▶ **What to work on**: Return each line of the records below in which the string "image" turns up.

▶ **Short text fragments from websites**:

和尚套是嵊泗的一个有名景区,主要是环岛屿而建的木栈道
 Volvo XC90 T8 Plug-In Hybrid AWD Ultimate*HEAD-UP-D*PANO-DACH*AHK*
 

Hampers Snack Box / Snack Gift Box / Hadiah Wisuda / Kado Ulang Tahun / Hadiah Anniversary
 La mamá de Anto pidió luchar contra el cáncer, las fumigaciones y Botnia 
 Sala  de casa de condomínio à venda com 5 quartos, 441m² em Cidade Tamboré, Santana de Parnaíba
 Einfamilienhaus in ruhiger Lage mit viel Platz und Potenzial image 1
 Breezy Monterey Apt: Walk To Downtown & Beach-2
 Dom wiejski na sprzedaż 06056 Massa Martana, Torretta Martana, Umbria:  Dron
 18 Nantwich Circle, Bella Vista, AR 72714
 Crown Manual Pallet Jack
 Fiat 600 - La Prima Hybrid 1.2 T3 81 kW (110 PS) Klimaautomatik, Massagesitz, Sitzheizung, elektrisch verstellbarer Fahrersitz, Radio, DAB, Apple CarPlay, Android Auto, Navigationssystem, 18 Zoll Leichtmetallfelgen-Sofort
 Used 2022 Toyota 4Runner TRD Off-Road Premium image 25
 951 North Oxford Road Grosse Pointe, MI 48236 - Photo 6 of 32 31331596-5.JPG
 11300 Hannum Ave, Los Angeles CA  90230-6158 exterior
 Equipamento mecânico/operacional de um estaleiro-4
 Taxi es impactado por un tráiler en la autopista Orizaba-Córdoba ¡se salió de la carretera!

▶ **Written solution**:
 Einfamilienhaus in ruhiger Lage mit viel Platz und Potenzial image 1
 Used 2022 Toyota 4Runner TRD Off-Road Premium image 25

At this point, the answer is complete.